WORK TO BE COMPLETED:
Check each line of the data below for the string "Large", then report how many lines have it and nothing else.

DATA TO PROCESS:
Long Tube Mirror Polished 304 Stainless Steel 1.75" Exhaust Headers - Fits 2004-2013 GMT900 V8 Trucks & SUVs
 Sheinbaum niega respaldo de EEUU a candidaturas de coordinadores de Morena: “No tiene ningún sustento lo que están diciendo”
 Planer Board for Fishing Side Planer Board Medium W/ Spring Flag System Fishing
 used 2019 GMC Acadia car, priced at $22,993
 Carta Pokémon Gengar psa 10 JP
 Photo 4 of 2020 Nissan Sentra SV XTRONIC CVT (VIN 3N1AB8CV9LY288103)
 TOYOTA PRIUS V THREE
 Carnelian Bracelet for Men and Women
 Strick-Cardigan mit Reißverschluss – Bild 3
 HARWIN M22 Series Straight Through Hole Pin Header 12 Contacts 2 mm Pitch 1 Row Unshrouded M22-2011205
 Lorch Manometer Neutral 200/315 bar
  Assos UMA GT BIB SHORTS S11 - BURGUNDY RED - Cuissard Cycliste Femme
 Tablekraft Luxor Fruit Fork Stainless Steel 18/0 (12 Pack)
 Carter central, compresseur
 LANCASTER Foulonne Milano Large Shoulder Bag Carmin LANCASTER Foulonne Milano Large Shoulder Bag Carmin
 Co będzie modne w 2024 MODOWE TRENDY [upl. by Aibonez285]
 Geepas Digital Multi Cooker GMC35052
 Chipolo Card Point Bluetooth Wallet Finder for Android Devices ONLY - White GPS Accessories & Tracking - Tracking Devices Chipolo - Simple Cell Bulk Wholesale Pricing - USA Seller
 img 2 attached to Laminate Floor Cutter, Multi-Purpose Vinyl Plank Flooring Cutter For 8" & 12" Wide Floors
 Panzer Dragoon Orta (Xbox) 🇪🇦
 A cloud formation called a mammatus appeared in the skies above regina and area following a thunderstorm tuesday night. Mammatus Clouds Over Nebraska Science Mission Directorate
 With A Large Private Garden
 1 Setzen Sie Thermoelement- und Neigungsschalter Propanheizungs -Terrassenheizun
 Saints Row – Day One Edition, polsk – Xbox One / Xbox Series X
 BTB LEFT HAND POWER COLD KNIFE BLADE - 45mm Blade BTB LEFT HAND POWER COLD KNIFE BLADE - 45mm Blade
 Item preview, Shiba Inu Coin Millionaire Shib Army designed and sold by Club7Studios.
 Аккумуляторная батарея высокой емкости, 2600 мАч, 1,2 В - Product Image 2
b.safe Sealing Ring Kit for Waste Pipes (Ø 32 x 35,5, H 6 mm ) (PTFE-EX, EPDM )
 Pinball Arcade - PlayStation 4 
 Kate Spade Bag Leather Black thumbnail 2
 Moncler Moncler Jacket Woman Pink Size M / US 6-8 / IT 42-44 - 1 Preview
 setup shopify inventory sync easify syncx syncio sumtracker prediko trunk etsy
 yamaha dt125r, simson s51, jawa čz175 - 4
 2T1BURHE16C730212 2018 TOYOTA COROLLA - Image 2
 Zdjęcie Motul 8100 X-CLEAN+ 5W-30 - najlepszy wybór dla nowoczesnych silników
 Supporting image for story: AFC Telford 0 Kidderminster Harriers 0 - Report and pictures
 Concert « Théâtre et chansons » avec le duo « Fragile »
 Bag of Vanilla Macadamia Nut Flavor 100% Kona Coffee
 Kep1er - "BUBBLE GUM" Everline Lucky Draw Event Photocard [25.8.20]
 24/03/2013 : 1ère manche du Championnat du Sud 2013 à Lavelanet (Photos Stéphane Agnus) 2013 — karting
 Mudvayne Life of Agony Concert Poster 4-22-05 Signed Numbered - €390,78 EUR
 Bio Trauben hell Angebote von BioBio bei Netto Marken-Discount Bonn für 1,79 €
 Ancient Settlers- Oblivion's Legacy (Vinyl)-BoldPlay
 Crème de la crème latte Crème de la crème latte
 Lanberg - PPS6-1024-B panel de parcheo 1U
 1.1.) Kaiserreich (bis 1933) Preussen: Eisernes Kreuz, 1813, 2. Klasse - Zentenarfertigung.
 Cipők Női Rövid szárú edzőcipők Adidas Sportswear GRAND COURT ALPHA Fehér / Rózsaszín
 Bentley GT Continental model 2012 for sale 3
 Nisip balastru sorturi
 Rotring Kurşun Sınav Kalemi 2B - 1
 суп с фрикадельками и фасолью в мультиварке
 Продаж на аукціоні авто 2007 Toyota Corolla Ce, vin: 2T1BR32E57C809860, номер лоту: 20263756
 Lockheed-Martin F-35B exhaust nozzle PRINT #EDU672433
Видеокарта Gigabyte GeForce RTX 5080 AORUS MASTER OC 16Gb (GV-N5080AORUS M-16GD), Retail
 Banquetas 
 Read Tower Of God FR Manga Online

SOLUTION:
2